Another way is creating the client with the Client info and auto_refresh as True. As example:

from ultraocr import Client

client = Client(client_id="YOUR_CLIENT_ID", client_secret="YOUR_CLIENT_SECRET", auto_refresh=True)

The Client have following allowed parameters:

  • client_id: The Client ID to generate token (only if auto_refresh=True).
  • client_secret: The Client Secret to generate token (only if auto_refresh=True).
  • token_expires: The token expiration time (only if auto_refresh=True) (Default 60).
  • auto_refresh: Indicates that the token will be auto generated (with client_id, client_secret and token_expires parameters) (Default False).
  • auth_base_url: The base url to authenticate (Default UltraOCR url).
  • base_url: The base url to send documents (Default UltraOCR url).
  • timeout: The pooling timeout in seconds (Default 30).
  • interval: The pooling interval in seconds (Default 1).

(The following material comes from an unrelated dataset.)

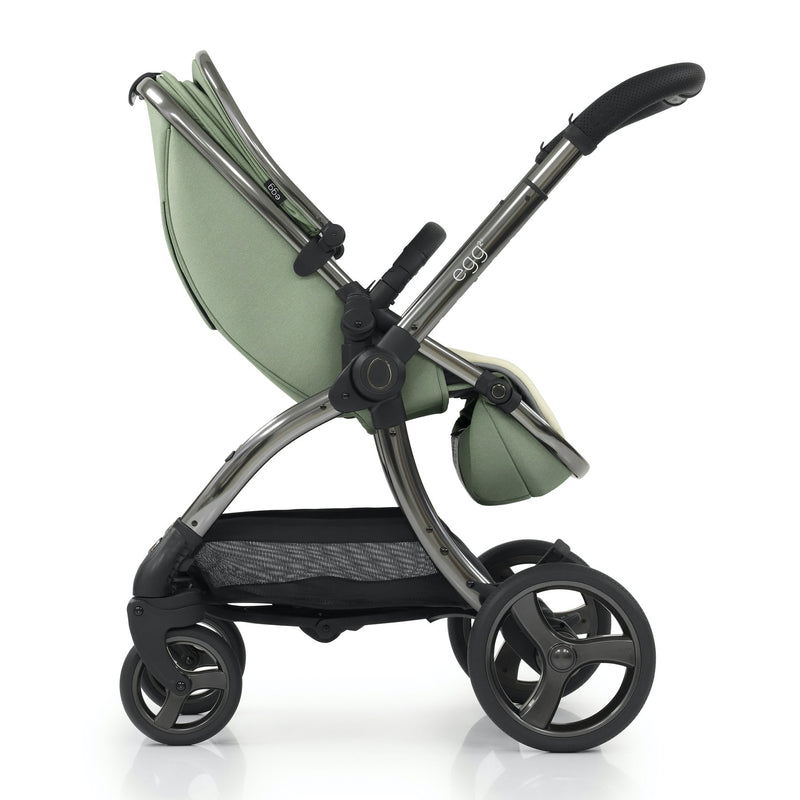 egg2® Stroller & Carry Cot in Sea Grass Bundle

Second step - Send Documents

With everything set up, you can send documents:

client.send_job("SERVICE", "FILE_PATH") # Simple job
client.send_batch("SERVICE", "FILE_PATH") # Simple batch
client.send_job_base64("SERVICE", "BASE64_DATA") # Job in base64
client.send_batch_base64("SERVICE", "BASE64_DATA") # Batch in base64
client.send_job_single_step("SERVICE", "BASE64_DATA") # Job in base64, faster, but with limits

Send batch response example:

{
    "id": "0ujsszwN8NRY24YaXiTIE2VWDTS",
    "status_url": "https://ultraocr.apis.nuveo.ai/v2/ocr/batch/status/0ujsszwN8NRY24YaXiTIE2VWDTS"
}

Send job response example:

{
    "id": "0ujsszwN8NRY24YaXiTIE2VWDTS",
    "status_url": "https://ultraocr.apis.nuveo.ai/v2/ocr/job/result/0ujsszwN8NRY24YaXiTIE2VWDTS"
}

In every above utilities you can send metadata and query params with metadata and params respectively dict parameters.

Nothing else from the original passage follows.